The California Taxpayers Association recently released Understanding Proposition 26, a guide to the new tax structure in California. I was interested to see what this organization had to say about Prop. 26 since they were one of the sponsors of the ballot initiative.
As most of you know, in November 2010, California voters approved Prop. 26, which reclassified many local fees as taxes, subjecting them to a two-thirds vote requirement. Throughout the campaign and after the initiative was adopted, many tobacco control advocates were wondering how this would impact their local tobacco control work, specifically related to tobacco retailer license fees.
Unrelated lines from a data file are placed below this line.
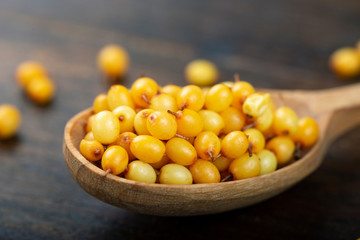 sea buckthorn in a spoon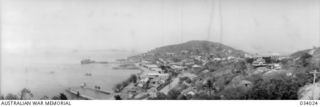 Port Moresby, Papua. 1942-07-15. A panoramic view of Port Moresby township, wharves and a section of the harbour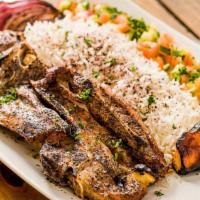 Lamb Chop Plate · Plates served on a bed of our seasonal long grain rice with bread and a side salad.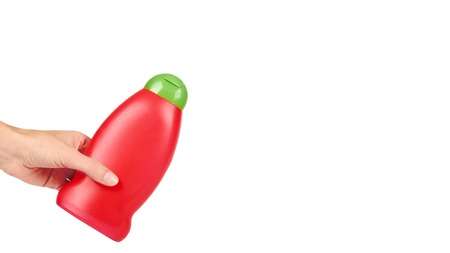 Red plastic bottle for shampoo in hand isolated on white background. Hydiene and cleaning idea. copy space, template.の写真素材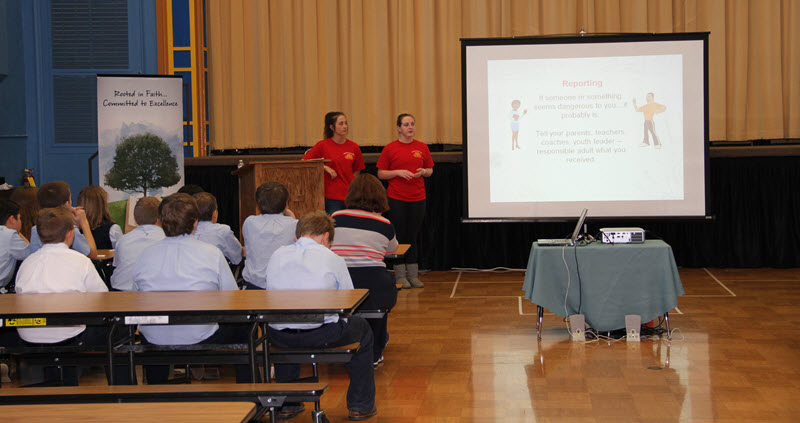 WJU students present to local junior high students.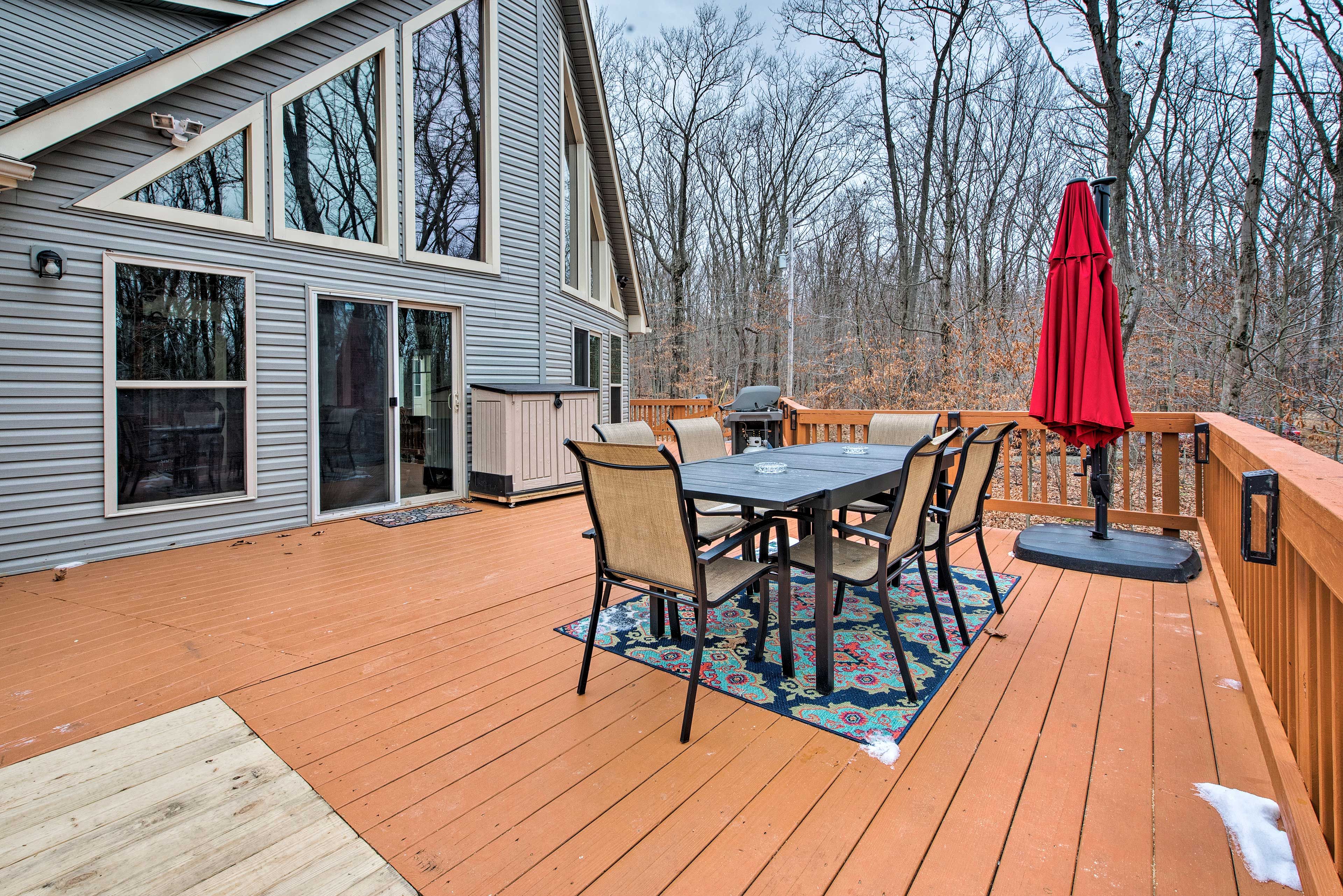 The wraparound deck offers a fire pit, gorgeous views, and new furnishings.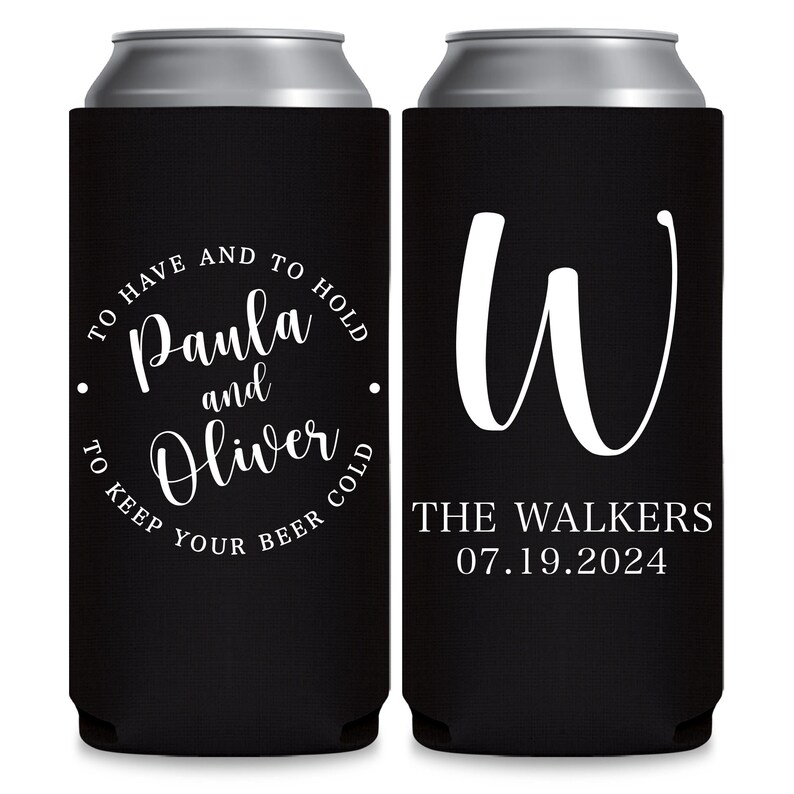 May include: Two black can coolers. The cooler on the left has white text that reads 'To have and to hold Paula and Oliver to keep your beer cold.' The cooler on the right has a white cursive letter 'W' and the text 'The Walkers 07.19.2024'.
The analysis from the Technical Assistance Legal Center was that tobacco retailer licensing fees fit into the third exception in the language of Prop. 26 and that cities and counties would still be able to adopt them with a majority vote of the elected body (see the Center’s Policy Wonk document for the full explanation).
This new guide from the California Taxpayers Association seems to confirm that without specifically mentioning tobacco retailer license fees. On page 7, the guide explains the third exception and provides examples of fees that fit this exception including “permits for regulated businesses (such as taxicabs, massage businesses, card rooms, etc.).” A tobacco retailer license fee should fit into the category of permits for regulated businesses and is consistent with the examples given.
The guide also poses a three question test on page 5, with a “no” answer on any of the three questions meaning that the charge is a tax. For a tobacco retailer license fee, there are three “yes” answers: (1) Yes, a license fee is one of the exceptions; (2) Yes, the charge benefits the retailers who are paying for the privilege to sell tobacco products; and (3) Yes, the charge is reasonable, fee revenues are only used for enforcement and administration of the license.
And as further evidence, several cities and counties have adopted tobacco retailer licensing fees since the passage of Prop. 26, including Santa Barbara County, Union City and Santa Cruz County.
Is anybody at the local level running into questions about Prop. 26 when working on tobacco retailer licensing ordinances?